First create a directory for your new website and cd into that directory

Installing with uv

If you don't have UV installed, you can get it here

uv venv venv              # Create a new virtualenv
source venv/bin/activate  # Activate it
uv pip install calico_ssg # Install Calico
calico init               # Create the basis of your new site

Let's look at what we just created.

The directory structure should now look like this:

.
├── content
│   ├── __404__.md
│   ├── _header
│   │   └── menu.md
│   ├── index.md
│   └── site.yml
├── plugins
├── public
└── website.py

The content of your website will live in the content directory while public will contain the static assets that you want to provide (images, documents, etc) and website.py is where the initialization code for Calico lives. You will probably not have to change anything there.

content/site.yml contains the general parameter for your website, let's update the site_name and add a title.

Some of the information in this file is only relevant to "the site" in general but a lot of it can also serve as default for pages that would be omitting a similarly named property.

As an example, remove the title from your homepage (content/index.md) and add a different title to content/site.yml and notice how the page title changes (thw content of the tab in your brower and also the window title).

Creating a page with Calico is as a matter of creating a .md file anywhere in (a subfolder of) the content directory.

Let's try that and create an "About" page

# content/about.md
---
title: About
---
Something about me

The portion in between ---s is the frontmatter. This is where you can define properties and variables that will be used by the rendering widget.

Sometimes, some of those properties can also be used by other, external to the page, widget. For example, the title is used by the menu widget.

Sometimes a single file is not enough and one needs to bring more structure to a page with different sections, maybe columns, images, dividers and more.

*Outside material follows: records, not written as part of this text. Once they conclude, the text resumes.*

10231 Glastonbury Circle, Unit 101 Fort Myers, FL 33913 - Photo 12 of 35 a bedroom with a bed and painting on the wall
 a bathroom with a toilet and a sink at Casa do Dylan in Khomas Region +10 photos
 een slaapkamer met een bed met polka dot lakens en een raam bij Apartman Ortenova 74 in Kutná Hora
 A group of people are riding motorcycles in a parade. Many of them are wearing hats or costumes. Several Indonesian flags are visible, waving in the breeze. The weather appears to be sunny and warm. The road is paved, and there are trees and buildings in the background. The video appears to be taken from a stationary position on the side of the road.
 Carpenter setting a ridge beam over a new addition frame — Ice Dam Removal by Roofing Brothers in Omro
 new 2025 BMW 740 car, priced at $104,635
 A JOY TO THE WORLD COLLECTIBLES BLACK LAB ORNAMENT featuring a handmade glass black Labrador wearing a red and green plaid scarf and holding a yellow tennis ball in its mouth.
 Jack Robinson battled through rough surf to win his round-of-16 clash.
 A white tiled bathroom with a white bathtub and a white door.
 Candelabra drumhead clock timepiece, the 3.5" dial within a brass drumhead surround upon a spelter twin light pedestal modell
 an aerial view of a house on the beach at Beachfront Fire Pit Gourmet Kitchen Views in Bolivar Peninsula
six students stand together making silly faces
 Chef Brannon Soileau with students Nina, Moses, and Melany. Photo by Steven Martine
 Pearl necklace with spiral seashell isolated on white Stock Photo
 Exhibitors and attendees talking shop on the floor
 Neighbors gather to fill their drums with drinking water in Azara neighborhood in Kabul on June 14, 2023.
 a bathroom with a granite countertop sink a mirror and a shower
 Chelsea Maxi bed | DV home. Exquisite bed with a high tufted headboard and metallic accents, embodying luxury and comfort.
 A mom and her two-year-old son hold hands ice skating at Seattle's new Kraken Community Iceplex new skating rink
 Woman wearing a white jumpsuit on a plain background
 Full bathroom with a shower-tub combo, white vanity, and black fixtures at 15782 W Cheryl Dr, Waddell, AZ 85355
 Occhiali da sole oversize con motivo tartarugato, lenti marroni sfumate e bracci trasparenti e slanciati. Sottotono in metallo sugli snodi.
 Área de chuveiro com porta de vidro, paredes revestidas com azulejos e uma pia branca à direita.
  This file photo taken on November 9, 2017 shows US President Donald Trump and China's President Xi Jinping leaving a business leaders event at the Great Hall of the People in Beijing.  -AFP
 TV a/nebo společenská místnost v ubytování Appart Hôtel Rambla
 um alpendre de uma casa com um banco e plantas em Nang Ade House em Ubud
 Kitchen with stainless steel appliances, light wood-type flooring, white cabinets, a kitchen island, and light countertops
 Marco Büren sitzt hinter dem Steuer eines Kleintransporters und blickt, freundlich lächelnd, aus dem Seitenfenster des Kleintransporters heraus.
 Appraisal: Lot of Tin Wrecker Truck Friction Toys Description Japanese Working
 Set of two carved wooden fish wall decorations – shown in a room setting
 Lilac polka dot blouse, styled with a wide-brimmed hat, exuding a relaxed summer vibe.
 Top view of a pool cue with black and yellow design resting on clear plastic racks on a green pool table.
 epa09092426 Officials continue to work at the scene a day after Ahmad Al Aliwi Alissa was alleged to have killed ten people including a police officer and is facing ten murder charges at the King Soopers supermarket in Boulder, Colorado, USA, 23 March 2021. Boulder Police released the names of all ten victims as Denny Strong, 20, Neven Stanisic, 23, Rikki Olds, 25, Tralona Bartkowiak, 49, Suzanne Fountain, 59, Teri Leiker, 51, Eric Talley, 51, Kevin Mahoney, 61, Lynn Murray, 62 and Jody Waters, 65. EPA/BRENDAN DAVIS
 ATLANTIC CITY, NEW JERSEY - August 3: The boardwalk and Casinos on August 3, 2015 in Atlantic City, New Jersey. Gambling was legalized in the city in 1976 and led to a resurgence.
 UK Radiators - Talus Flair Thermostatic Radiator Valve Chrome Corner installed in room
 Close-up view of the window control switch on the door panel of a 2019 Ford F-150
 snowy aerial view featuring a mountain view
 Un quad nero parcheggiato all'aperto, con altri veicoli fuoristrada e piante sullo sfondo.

Any page in Calico can also be made of multiple files inside a directory representing the page.

Let's give that a go and transform our About page into a multi-file one:

calico single-to-multi-file about

Now instead of having a single about.md file we have a directory about/ containing 2 files:

  • data.yml: all multi-file pages need a data.yml which contains the data that would have been in the frontmatter section of the single .md file
  • main.md: which contains our markdown. This type of page can have any number of .md files, they will be rendered in the iascending order of their weight first and then alphabetically.

Here we transformed an existing single-file page into a multi-file one. You can of course create multi-files pages by creating the directory and data.yml file, as well as one or more .md files in that directory. As soon as there is a data.yml file inside a directory, that whole directory will be considered to be a single page.

You might have noticed that about/main.md now has a widget property set to text. Widgets are used to render .md files. The default widget is text. Different widgets can have different properties that can be stated in the frontmatter of the respective .md files.

A lot of widgets will take a style property for example, with which you can provide an inline style for that particular html element.

There are a couple of widgets (like text) that are provided by Calico itself but a lot of then will be provided by a plugin , a theme or both! You can refer to the widgets documentation to learn about each widget's possible properties!

You might have noticed a menu appearing at the top of your page. This menu lists all pages at the root of the site (other than the current page).

The menu is situated in the header area.

Your site is composed of a main content (what we have so far been creating when creating pages) as well as other secondary areas. By default, a Calico website will have a header and a footer.

The content of areas are located in special directories starting with _. The menu, for example, is located in content/_header. Areas work a lot like multi-file pages and will render every .md file in the directory.

Let's try it! We will create the content/_footer directory and will add a file inside.

# content/_footer/hello.md
This site was created with [Calico SSG](https://calico-ssg.com)

This footer will now appear on every page.

Like many other things in Calico, areas are hierarchical. This means that, for a specific sub-directory, creating an area folder will take precendence on the one located in its parent folder.

You can try it by creating a content/about/_footer folder and see the footer disappear on the About page.